RECORD SET:
++++++++++++++++++++

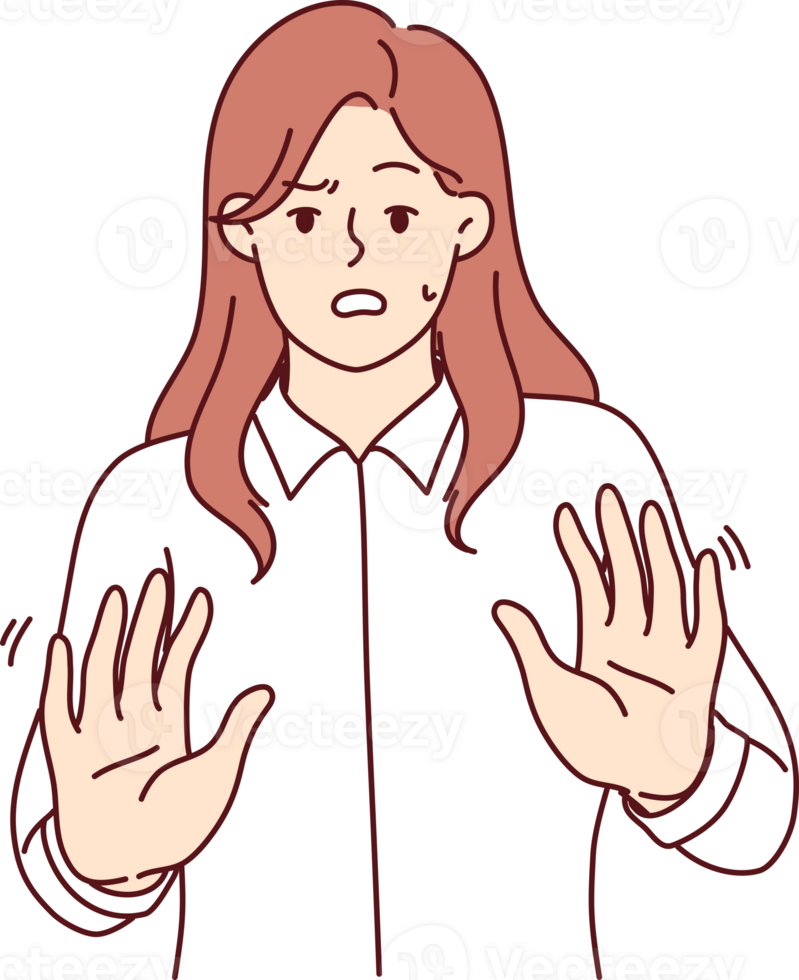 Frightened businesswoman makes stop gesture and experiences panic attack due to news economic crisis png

++++++++++++++++++++

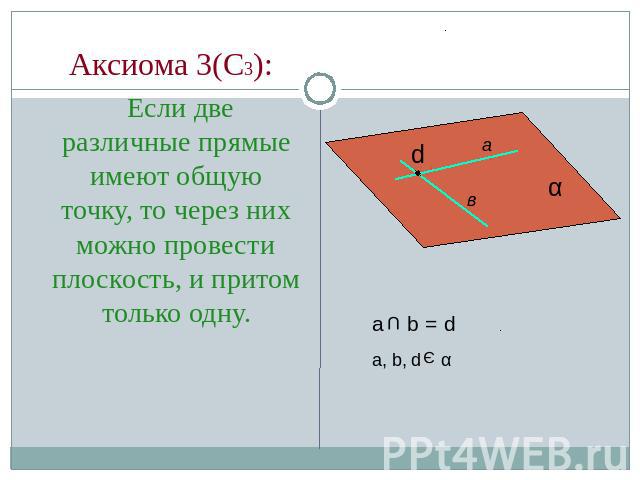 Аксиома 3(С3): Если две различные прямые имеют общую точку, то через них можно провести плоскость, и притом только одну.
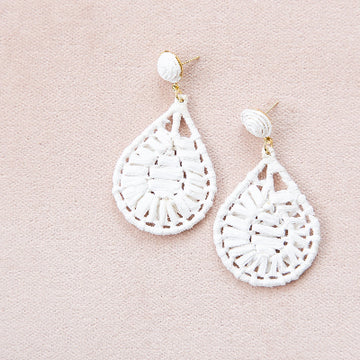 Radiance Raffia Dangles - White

++++++++++++++++++++

WHAT THE TASK REQUIRES: Look above for the line with "Аксиома 3(С3): Если" and the line with "Radiance Raffia Dangles - White". Copy them and every line between, exactly, but no pictures.

TASK SOLUTION:
 Аксиома 3(С3): Если две различные прямые имеют общую точку, то через них можно провести плоскость, и притом только одну.
 Radiance Raffia Dangles - White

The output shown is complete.